• MATERIAL FOR THIS EXERCISE:

#####

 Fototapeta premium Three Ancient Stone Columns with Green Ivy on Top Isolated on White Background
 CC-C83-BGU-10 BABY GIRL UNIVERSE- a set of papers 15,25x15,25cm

#####

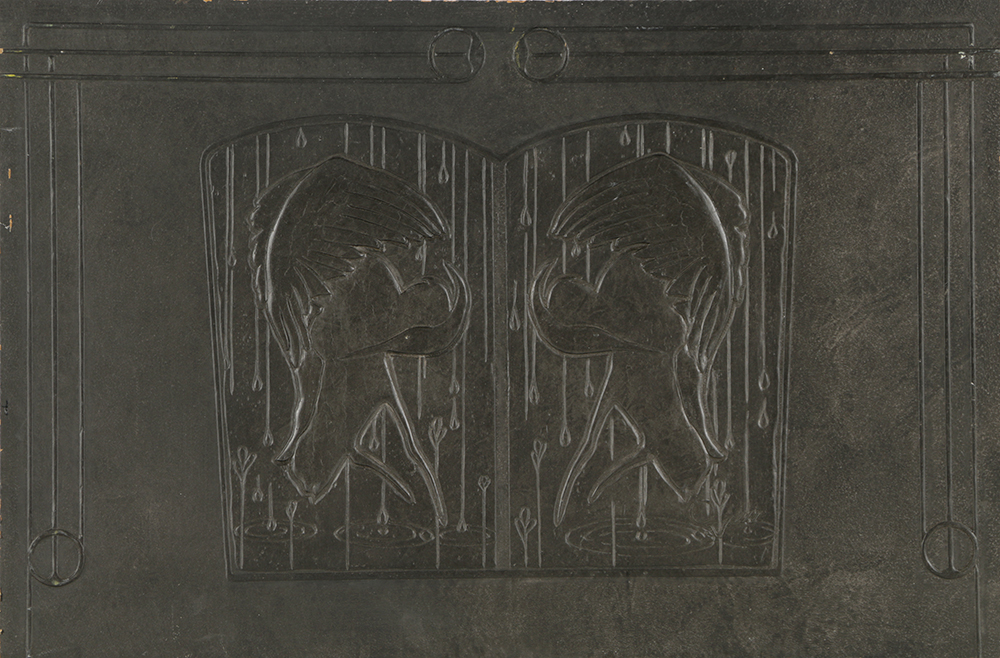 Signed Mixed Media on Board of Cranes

#####

• TASK DIRECTIONS: Could you reproduce exactly the lines of the entries above, from the one with "Fototapeta premium Three" through the one with "CC-C83-BGU-10 BABY GIRL", and nothing else?

• PROBLEM SOLUTION:
 Fototapeta premium Three Ancient Stone Columns with Green Ivy on Top Isolated on White Background
 CC-C83-BGU-10 BABY GIRL UNIVERSE- a set of papers 15,25x15,25cm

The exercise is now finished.